---------- LISTED ENTRIES ----------

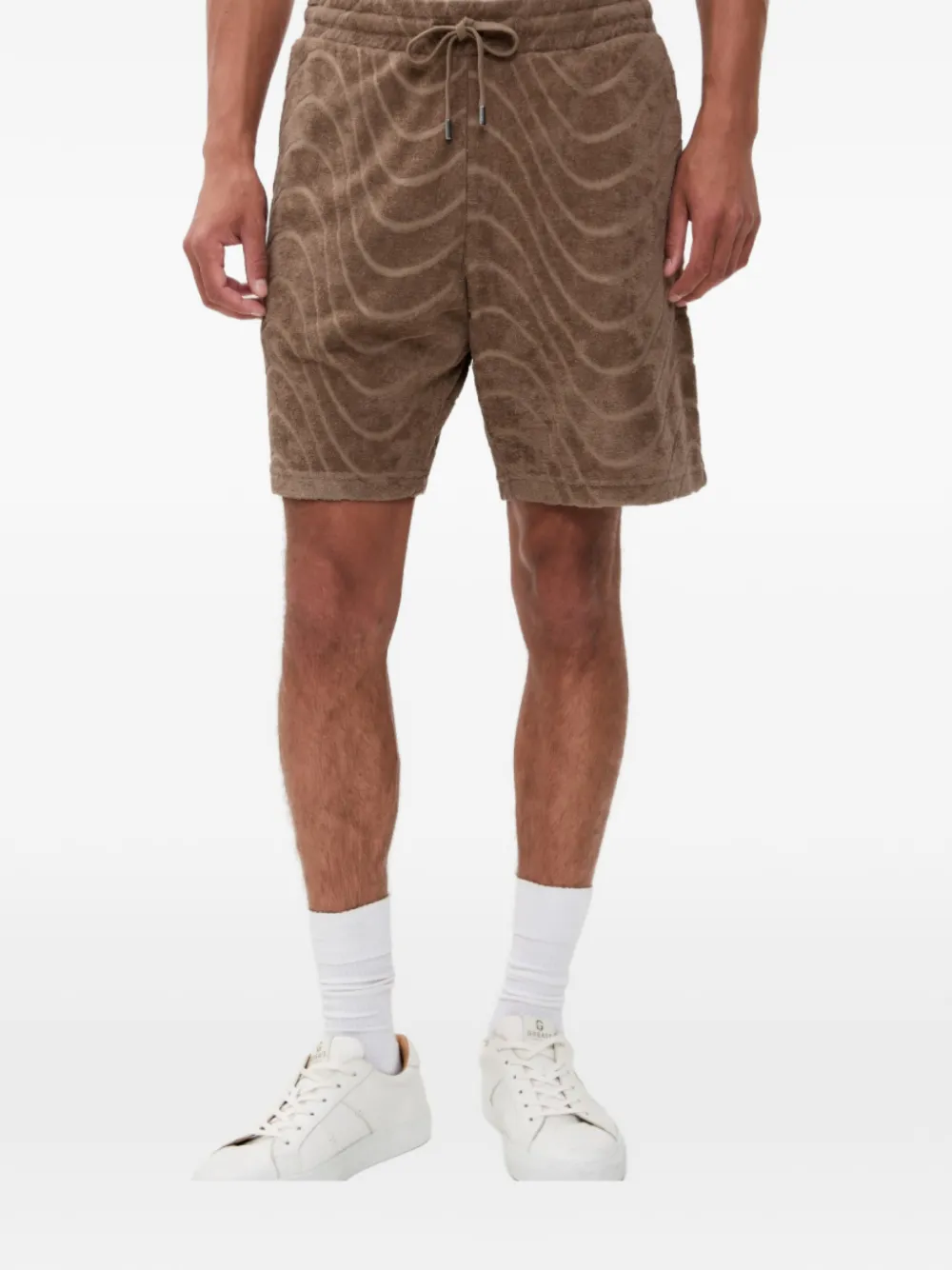 Frescobol Carioca wave-pattern shorts - Marrone
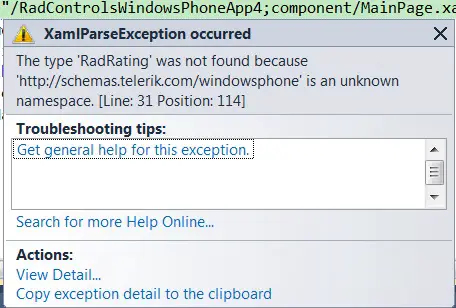 Telerik RadControls for Windows Phone – Article #4 – UnKnown Namespace Error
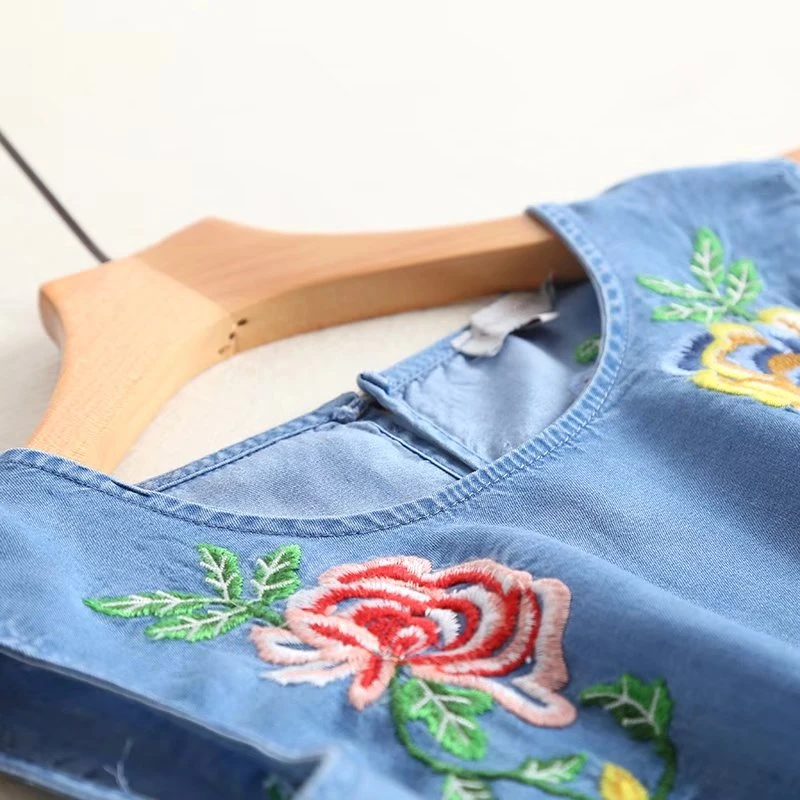Летнее женское джинсовое платье из Tencel с открытыми плечами, круглый вырез, короткий рукав, вышитый светильник, синее мягкое джинсовое платье, хлопковое Повседневное платье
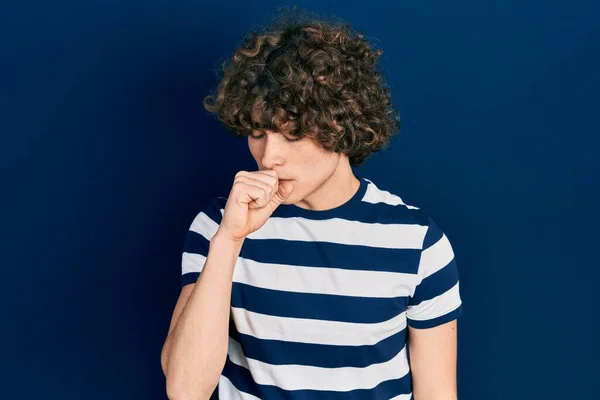 Handsome Young Man Wearing Casual Striped Shirt Feeling Unwell Coughing — Foto Stock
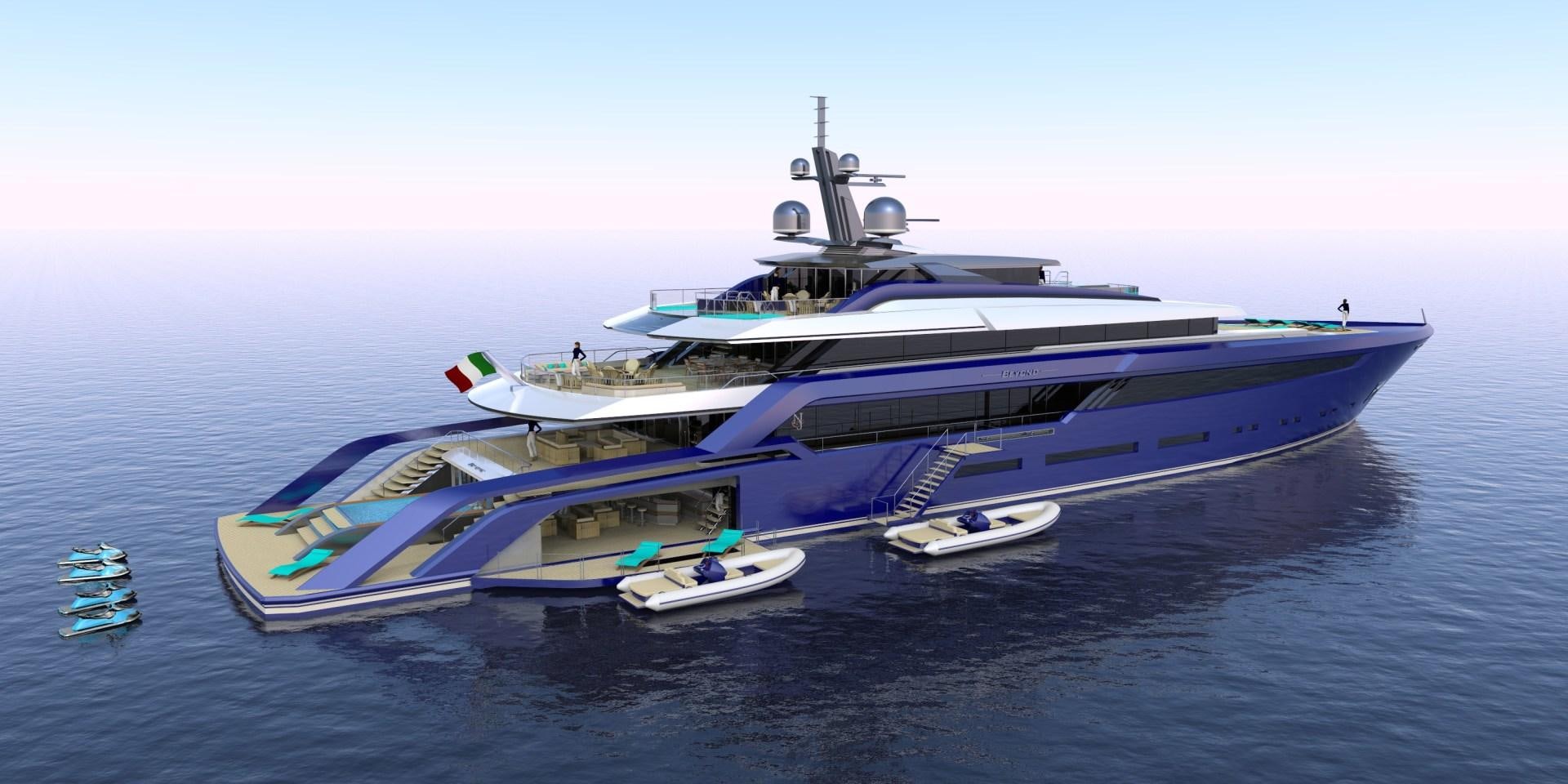 a large ship in the water aboard BEYOND 72M Yacht for Sale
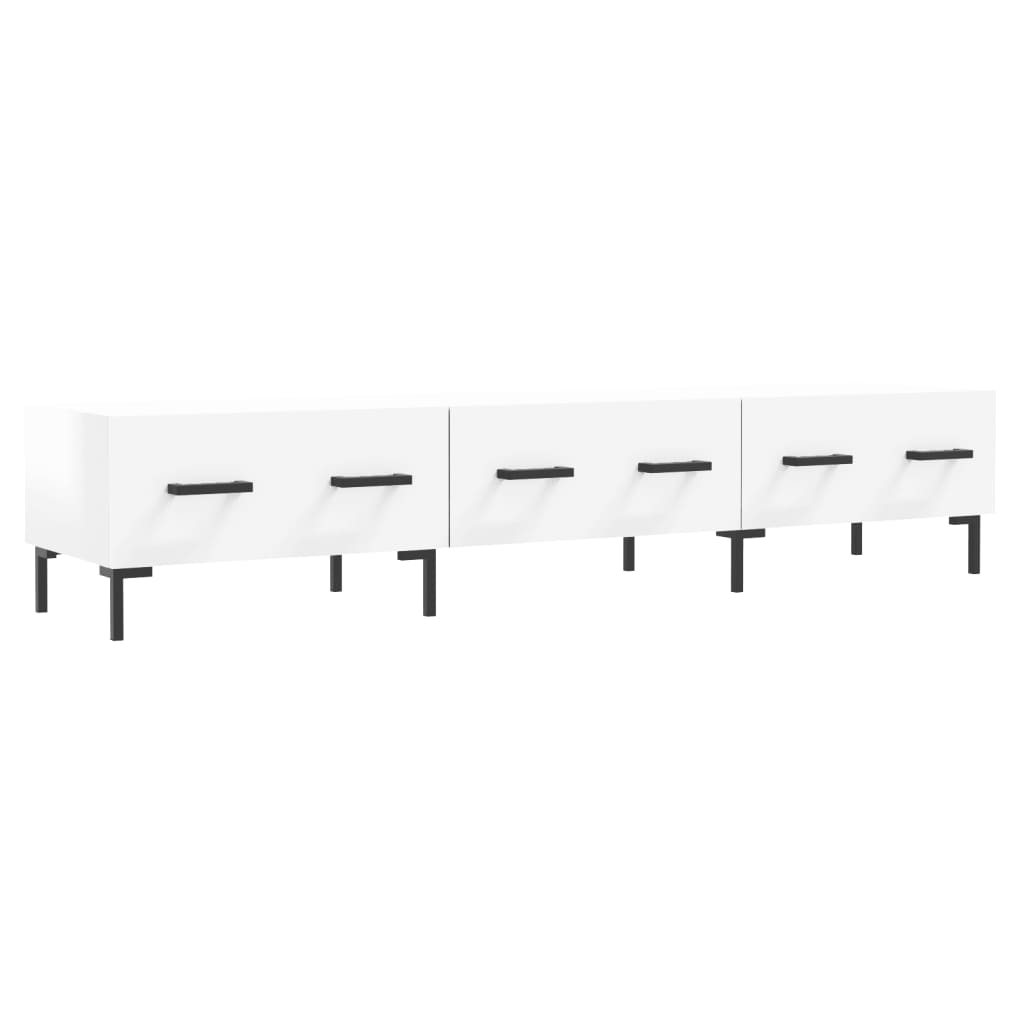 Meuble TV blanc brillant 150x36x30 cm bois d'ingénierie - XIOS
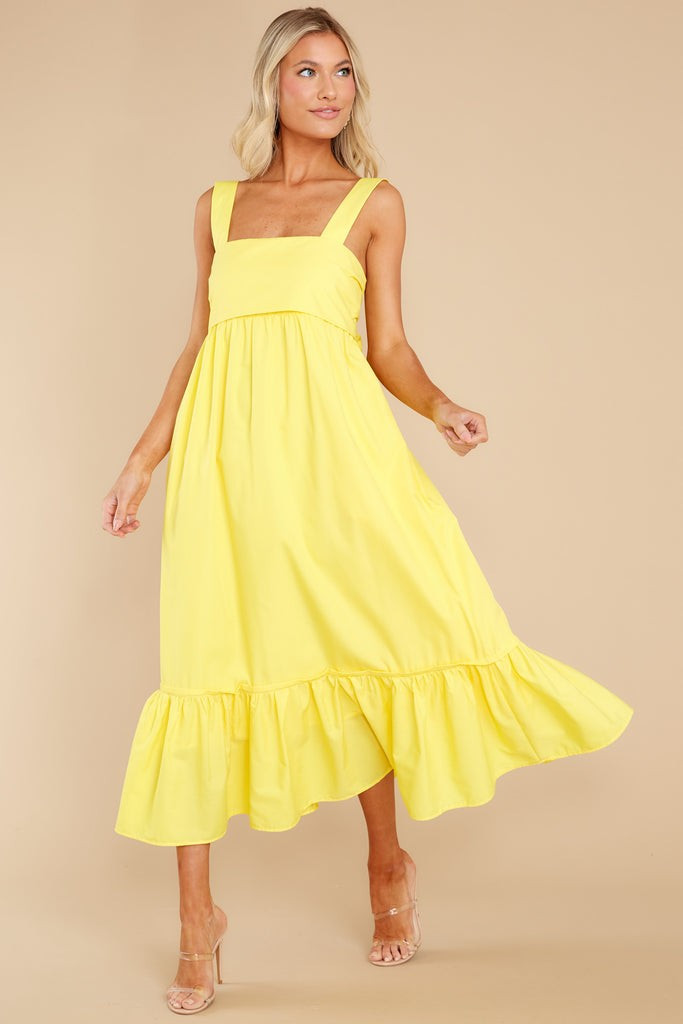 Such A Stunner Yellow Midi Dress | Red Dress 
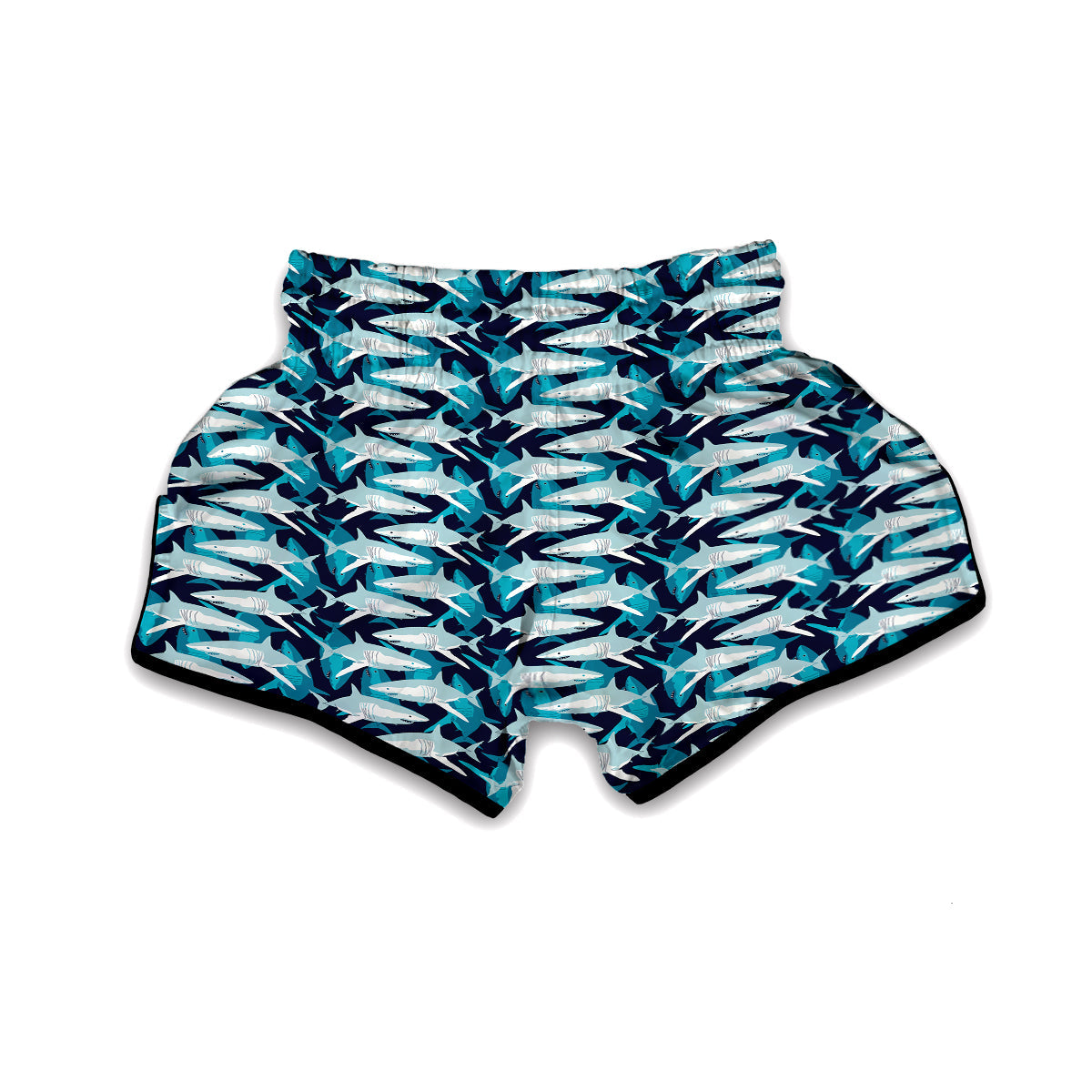 Circling Shark Pattern Print Muay Thai Boxing Shorts-grizzshop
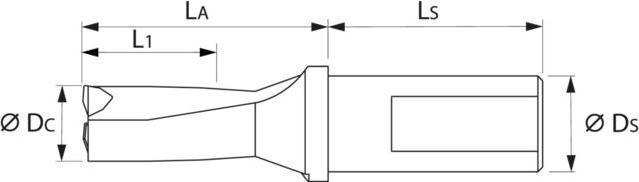 Actual product image KUB Pentron® indexable insert solid drill with straight shank 5×D (37.5 millimetres)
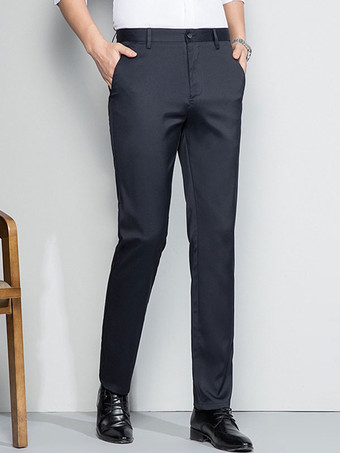 ダークネイビーメンズカジュアルパンツ スリムフィット ストレート 春夏 メンズズボン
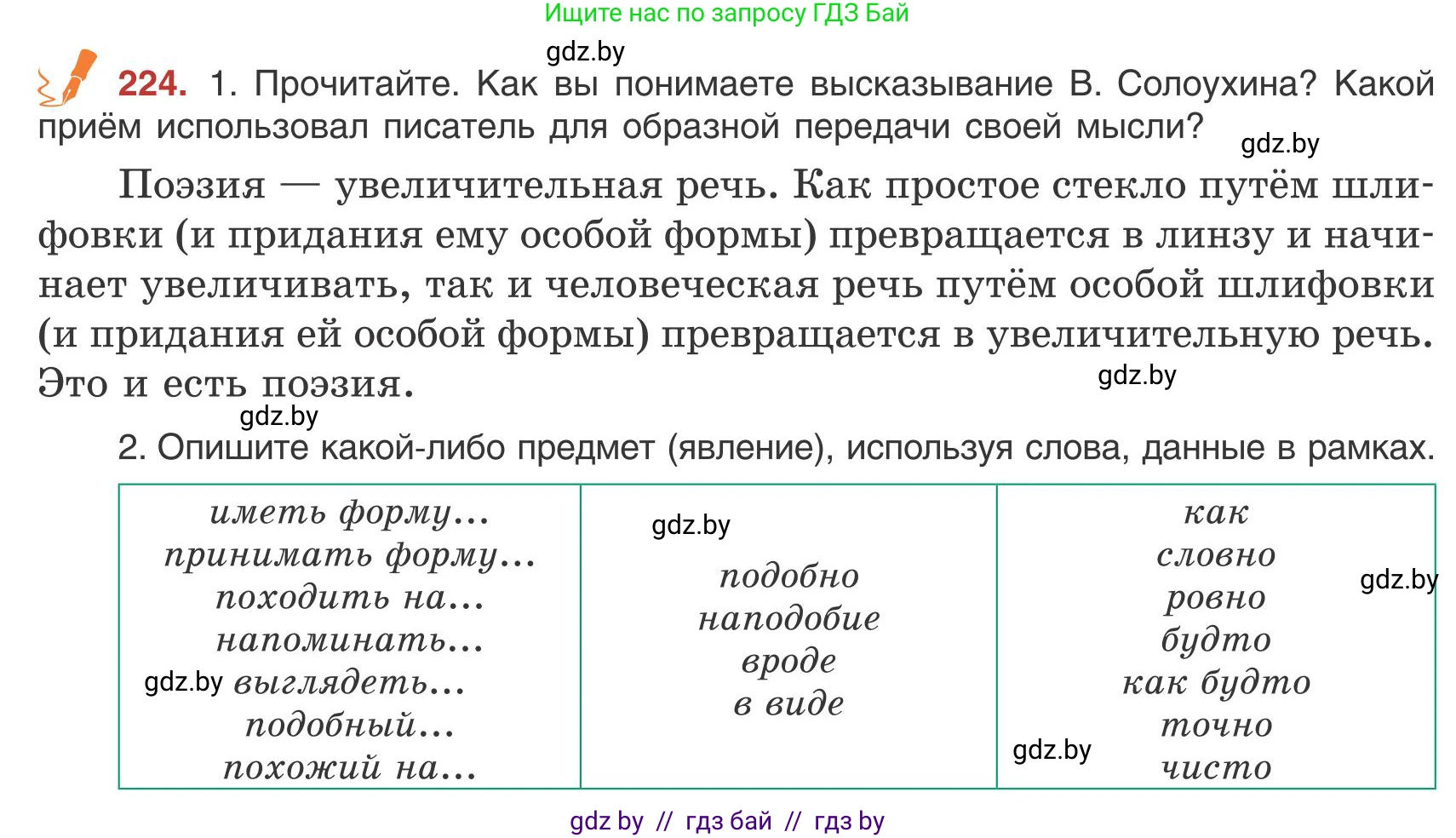 Русский язык, 9 класс Учебник, авторы: Мурина Лариса Александровна, Литвинко Франя Михайловна, Долбик Елена Евгеньевна, Пипченко Н М, Германович С Ф, Таяновская И В, издательство Академия образования, Минск, 2025, страница 124, номер 224, Условие 2025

----------

WORK ORDER> Could every entry above be printed again exactly, images excluded?

WRITTEN RESPONSE>
 Frescobol Carioca wave-pattern shorts - Marrone
 Telerik RadControls for Windows Phone – Article #4 – UnKnown Namespace Error
Летнее женское джинсовое платье из Tencel с открытыми плечами, круглый вырез, короткий рукав, вышитый светильник, синее мягкое джинсовое платье, хлопковое Повседневное платье
 Handsome Young Man Wearing Casual Striped Shirt Feeling Unwell Coughing — Foto Stock
 a large ship in the water aboard BEYOND 72M Yacht for Sale
 Meuble TV blanc brillant 150x36x30 cm bois d'ingénierie - XIOS
 Such A Stunner Yellow Midi Dress | Red Dress 
 Circling Shark Pattern Print Muay Thai Boxing Shorts-grizzshop
 Actual product image KUB Pentron® indexable insert solid drill with straight shank 5×D (37.5 millimetres)
 ダークネイビーメンズカジュアルパンツ スリムフィット ストレート 春夏 メンズズボン
 Русский язык, 9 класс Учебник, авторы: Мурина Лариса Александровна, Литвинко Франя Михайловна, Долбик Елена Евгеньевна, Пипченко Н М, Германович С Ф, Таяновская И В, издательство Академия образования, Минск, 2025, страница 124, номер 224, Условие 2025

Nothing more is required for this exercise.